March 8, 2026
Docs vs Bots: Fight Night
New Research Reassesses the Value of Agents.md Files for AI Coding
Study says auto-made cheat sheets slow AI; devs split between “do it right” and “ditch it”
TLDR: An ETH Zurich study finds AI-written project docs can slow coding bots and raise costs, while human-written notes help only a little. Commenters are split between “docs done right are vital,” “these docs cause fake busywork,” and “ditch them for task-specific guidance”—a real-time debate on how to handle AI assistants.

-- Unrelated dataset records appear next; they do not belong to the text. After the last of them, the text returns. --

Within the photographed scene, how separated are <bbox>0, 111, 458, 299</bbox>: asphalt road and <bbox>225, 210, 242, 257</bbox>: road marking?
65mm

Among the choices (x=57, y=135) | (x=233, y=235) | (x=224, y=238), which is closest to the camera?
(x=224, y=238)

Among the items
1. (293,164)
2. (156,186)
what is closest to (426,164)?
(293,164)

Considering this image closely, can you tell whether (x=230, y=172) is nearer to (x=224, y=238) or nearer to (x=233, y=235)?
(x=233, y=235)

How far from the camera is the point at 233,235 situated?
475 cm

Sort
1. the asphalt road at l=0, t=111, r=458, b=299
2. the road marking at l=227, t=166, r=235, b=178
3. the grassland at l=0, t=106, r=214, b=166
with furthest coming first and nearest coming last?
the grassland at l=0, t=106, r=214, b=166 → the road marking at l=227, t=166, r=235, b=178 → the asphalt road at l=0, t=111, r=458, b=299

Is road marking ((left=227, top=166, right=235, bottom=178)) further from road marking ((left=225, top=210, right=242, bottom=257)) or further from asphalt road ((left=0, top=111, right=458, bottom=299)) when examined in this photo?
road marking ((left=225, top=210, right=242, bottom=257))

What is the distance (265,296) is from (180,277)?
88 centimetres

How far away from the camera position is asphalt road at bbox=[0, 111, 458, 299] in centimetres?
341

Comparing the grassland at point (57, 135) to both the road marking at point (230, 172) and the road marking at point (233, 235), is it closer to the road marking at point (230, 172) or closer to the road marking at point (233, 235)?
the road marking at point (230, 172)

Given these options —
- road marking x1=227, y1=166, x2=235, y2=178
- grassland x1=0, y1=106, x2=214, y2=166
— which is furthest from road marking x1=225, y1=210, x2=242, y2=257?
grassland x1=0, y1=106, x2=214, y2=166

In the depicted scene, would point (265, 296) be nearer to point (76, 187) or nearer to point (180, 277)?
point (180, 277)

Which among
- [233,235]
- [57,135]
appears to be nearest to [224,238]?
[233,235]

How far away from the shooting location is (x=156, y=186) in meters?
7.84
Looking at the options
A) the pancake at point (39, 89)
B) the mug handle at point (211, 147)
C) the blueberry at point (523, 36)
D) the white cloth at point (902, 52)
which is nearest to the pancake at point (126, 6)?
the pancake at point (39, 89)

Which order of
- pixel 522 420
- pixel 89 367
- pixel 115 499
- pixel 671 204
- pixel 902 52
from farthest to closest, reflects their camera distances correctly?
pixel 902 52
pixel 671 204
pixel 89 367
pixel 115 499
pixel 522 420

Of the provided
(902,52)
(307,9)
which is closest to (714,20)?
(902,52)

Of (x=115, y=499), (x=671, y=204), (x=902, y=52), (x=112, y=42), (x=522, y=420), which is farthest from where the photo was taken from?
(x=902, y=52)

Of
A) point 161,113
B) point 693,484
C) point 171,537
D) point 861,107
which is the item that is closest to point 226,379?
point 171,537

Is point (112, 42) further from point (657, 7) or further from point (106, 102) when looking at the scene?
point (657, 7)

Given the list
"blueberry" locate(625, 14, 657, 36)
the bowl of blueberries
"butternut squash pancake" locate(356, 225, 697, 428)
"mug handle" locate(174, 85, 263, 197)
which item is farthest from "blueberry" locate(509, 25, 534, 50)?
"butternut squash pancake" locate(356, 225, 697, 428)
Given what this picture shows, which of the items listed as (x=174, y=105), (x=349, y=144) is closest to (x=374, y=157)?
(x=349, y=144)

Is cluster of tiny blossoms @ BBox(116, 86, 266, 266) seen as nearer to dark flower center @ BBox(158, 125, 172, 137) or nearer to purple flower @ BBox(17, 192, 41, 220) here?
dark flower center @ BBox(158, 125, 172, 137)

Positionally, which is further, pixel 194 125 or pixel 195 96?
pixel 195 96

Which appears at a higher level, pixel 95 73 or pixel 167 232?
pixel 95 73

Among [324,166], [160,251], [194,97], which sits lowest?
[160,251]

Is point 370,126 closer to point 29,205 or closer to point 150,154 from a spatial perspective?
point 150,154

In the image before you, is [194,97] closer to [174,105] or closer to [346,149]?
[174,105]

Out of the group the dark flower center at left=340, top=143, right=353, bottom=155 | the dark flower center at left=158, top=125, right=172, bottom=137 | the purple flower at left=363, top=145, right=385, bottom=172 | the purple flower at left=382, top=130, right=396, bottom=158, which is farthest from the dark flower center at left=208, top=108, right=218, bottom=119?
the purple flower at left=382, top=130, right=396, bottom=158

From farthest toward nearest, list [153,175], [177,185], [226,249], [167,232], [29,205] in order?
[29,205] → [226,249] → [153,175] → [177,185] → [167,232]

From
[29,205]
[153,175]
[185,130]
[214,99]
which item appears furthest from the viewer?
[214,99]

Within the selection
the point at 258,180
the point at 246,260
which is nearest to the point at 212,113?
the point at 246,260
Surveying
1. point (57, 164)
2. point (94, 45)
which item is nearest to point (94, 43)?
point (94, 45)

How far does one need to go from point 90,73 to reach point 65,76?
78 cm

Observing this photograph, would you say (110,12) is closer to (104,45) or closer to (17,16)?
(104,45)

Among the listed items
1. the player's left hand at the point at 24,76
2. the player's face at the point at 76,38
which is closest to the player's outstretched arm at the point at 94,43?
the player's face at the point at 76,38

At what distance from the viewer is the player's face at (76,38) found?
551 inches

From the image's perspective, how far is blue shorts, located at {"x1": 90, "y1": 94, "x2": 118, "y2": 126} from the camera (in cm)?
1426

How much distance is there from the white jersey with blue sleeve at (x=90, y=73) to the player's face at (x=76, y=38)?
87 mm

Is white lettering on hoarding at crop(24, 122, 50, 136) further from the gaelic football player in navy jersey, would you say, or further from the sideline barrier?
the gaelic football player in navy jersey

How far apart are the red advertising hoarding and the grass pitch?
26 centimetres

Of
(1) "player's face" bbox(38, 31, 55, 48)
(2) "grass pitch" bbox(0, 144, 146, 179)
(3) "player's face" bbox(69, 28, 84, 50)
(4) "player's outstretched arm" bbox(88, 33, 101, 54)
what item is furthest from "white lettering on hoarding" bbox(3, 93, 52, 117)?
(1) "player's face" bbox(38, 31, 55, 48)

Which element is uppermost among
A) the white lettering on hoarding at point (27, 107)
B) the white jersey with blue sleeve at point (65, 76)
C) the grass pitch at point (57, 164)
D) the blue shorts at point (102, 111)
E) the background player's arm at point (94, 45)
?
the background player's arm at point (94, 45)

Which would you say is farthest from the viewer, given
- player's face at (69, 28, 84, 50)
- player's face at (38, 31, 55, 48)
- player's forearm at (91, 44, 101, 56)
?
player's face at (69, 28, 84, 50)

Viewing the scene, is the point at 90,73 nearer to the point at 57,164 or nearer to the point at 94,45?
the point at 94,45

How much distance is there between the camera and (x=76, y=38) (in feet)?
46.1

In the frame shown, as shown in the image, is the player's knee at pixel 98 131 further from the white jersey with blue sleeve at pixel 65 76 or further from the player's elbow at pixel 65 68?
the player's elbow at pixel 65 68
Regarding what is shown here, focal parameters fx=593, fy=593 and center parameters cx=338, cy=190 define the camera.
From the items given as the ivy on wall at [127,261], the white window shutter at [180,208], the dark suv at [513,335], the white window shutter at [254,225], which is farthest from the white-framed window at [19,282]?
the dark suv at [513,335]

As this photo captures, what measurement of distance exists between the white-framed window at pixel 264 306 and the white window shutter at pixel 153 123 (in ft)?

ETH Zurich just poked a hornet’s nest: their new study says those AGENTS.md files—project “cheat sheets” for code bots—often don’t help, and when auto-written by AI they may actually make things worse. The numbers weren’t huge but they were spicy: AI-written docs dropped success rates slightly and cranked up costs, while human-written notes gave a small bump but still made bots run more steps, like AI interns getting graded on “busy.”

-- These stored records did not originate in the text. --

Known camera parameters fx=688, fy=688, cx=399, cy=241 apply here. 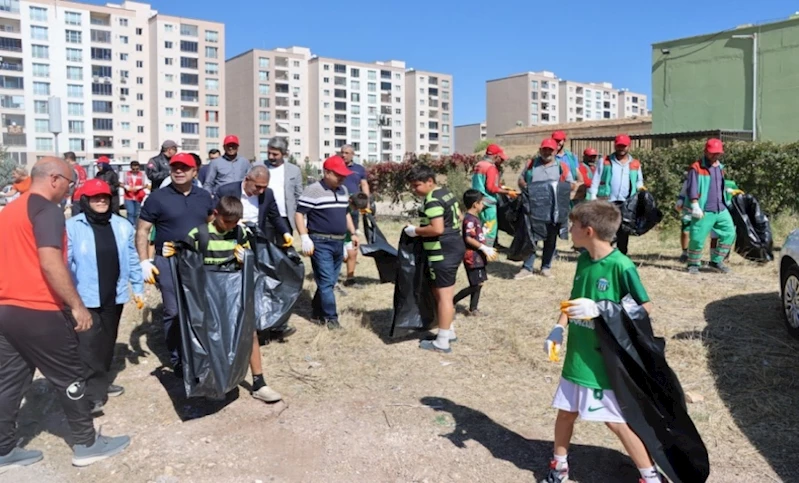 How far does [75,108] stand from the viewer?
72625 mm

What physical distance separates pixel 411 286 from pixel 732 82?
2259 cm

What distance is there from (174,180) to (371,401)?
85.9 inches

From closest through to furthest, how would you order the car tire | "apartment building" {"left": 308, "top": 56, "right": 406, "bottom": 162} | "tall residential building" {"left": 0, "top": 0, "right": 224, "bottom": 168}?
the car tire, "tall residential building" {"left": 0, "top": 0, "right": 224, "bottom": 168}, "apartment building" {"left": 308, "top": 56, "right": 406, "bottom": 162}

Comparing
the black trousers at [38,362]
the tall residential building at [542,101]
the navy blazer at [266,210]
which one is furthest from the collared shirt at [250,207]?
the tall residential building at [542,101]

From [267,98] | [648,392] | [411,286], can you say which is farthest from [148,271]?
[267,98]

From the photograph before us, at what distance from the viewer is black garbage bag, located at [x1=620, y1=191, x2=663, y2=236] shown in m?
8.38

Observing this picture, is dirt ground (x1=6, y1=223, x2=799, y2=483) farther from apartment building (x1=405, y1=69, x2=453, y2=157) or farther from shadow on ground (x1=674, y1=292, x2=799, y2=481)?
apartment building (x1=405, y1=69, x2=453, y2=157)

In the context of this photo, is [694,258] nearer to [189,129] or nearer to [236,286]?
[236,286]

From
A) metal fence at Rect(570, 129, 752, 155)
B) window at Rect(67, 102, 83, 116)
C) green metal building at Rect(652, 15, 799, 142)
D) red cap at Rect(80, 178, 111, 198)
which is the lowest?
red cap at Rect(80, 178, 111, 198)

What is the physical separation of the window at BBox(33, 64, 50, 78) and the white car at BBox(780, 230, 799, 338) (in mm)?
78022

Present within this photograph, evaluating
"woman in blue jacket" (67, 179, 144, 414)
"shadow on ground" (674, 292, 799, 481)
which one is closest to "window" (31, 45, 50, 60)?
"woman in blue jacket" (67, 179, 144, 414)

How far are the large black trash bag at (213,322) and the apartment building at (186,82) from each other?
7412 cm

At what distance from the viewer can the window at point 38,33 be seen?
70.4 m

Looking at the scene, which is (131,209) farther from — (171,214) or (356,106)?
(356,106) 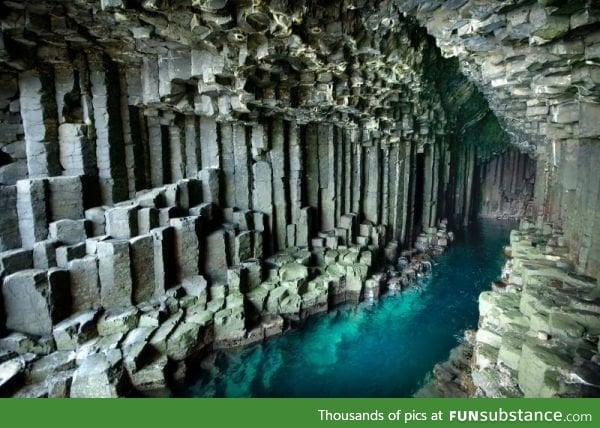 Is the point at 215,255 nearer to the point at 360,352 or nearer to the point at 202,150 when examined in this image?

Cue the comment section riot. One camp, led by verdverm, says the headlines are pure clickbait and insists good docs are gold if “done well.” Another camp, like noemit, plays referee: the study mostly dunked on auto-written docs, not humans—yet warned these files can push agents into “fake thinking” (extra tests, extra scans, extra everything) without better fixes. Meanwhile, stingraycharles looked around at all the downvotes and asked, basically, “Is this a glitch or a mood?”
Then came the futurists. nayroclade called AGENTS.md a temporary relic from the “treat your bot like a junior dev” era: once agents think like seniors, they’ll make their own calls and won’t need hand-holding. Practicals chimed in too: skip the big permanent doc, give short, task-specific notes and move on.
Bottom line? The study rattled the “docs fix everything” crowd, and the comments turned into a culture war: write better docs vs don’t over-script the bots. Somewhere in the middle, everyone agrees on one thing—busywork isn’t brilliance.
Key Points
- •ETH Zurich researchers evaluated repository-level AGENTS.md files and found they often hinder AI coding agents.
- •They introduced AGENTbench with 138 real-world Python tasks from niche repositories to avoid benchmark memorization.
- •Across four agents, LLM-generated context files reduced success by ~3% and increased steps and inference costs by >20%.
- •Human-written context files yielded a modest ~4% success gain but still increased steps and costs by up to 19%.
- •Trace analysis showed agents follow AGENTS.md instructions, triggering unnecessary extra work; authors recommend omitting LLM-generated files and limiting human-written content to non-inferable details.